12 There is also authority for the proposition that where a party files an affidavit pursuant to a court order that any evidence relied upon by that party be filed by a certain date, then the implied undertaking applies to any affidavit so filed: Laen Pty Ltd v At the Heads Pty Ltd [2011] VSC 315 ('Laen') at [8] per Davies J. That reasoning is consistent with the New South Wales Court of Appeal's decision in Akins v Abigroup Ltd (1998) 43 NSWLR 539 ('Akins') at 551-552 where Mason P (with whom the other members of the Court agreed) concluded that statements filed pursuant to a direction requiring their filing by a particular time were to be treated as if they had been compulsorily produced. There the question was not whether the implied undertaking applied but rather whether legal professional privilege had been waived in the statements. For myself, I have always had doubts about this aspect of Akins. An alternative view is that the decision to file was voluntary and the party's autonomy was circumscribed only to the extent that the choice of when the statements were to be filed was regulated. Other courts, including the Full Court of this Court, have expressed some doubt about this aspect of the reasoning in Akins: Liberty Funding Pty Ltd v Phoenix Capital Ltd [2005] FCAFC 3; 218 ALR 283 ('Liberty Funding') at 288-289 [24]. I have similar doubts in relation to the application of this principle in the context of the implied undertaking (cf Hearne v Street at 131 [5] per Gleeson CJ).
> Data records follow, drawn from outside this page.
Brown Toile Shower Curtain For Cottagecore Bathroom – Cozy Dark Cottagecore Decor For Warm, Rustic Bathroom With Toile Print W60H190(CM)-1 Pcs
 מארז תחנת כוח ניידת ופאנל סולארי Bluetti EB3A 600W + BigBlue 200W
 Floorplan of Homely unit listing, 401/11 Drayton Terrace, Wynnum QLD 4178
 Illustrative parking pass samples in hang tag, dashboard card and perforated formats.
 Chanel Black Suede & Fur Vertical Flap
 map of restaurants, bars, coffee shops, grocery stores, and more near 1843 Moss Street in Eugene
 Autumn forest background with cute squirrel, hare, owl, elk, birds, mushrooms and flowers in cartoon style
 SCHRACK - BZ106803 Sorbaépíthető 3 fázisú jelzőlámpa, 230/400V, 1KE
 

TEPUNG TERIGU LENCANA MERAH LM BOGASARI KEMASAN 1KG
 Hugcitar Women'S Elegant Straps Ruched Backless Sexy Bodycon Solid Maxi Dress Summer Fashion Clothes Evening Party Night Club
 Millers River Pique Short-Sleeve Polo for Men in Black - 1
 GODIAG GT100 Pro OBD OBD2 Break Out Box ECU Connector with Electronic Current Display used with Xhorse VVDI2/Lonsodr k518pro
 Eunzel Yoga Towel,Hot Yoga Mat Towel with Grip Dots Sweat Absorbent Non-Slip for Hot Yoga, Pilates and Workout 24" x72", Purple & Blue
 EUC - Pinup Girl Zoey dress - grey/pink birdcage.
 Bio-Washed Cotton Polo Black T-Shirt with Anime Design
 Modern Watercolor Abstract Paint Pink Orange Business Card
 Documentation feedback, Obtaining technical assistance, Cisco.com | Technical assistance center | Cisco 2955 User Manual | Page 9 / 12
13 However, it is not necessary to explore those doubts further. Even accepting the principle for which Laen stands, it does not assist Linkage. There is no order in this case which required it to file any evidence by any date. In fact, there was simply no order at all. Laen does not apply.
14 This forced Linkage then to argue that the principle should be extended to cover the current situation. It did so in two ways. First, it noted that ordinarily it is likely that there would have been a timetable for evidence requiring Linkage to file its evidence by a particular time. If such an order had been made then the principle in Laen would have applied and the implied undertaking would have attached to the Tedford Reports. It was only because the matter was moving along in a hurry that no such timetable had been put in place. It was anomalous that the question of whether the implied undertaking attached should be seen as a function purely of happenstance. Secondly, the situation was not really different to Laen because in that case too there was no compulsion since the party could have chosen not to file the affidavits.
15 I do not accept either of these arguments. The absence of a court order makes all the difference to the first argument. Linkage did not have to file the Tedford Reports and there was not the slightest legal obligation on it to do so. In fact, the most recent orders of 12 December 2018 had timetabled the filing of Linkage's mooted recusal application rather than the filing of expert evidence. It cannot be said, in that circumstance, that it acted under compulsion for it did not. As the second argument, whilst I agree that Linkage's submission underscores what appears to me to be a defect in the reasoning in Akins (and Laen), I do not accept that I should read Laen as expressing a wider principle. Any such wider principle would, in effect, be to the effect that any document filed by a party because it wishes to use it in the litigation is subject to the implied undertaking. The principle so widely stated would be contrary to the essential requirement that production be compulsory. In such a form, the concept of compulsion would be watered down to nothing.
16 The Tedford Reports were not subject to the implied undertaking having been produced voluntarily.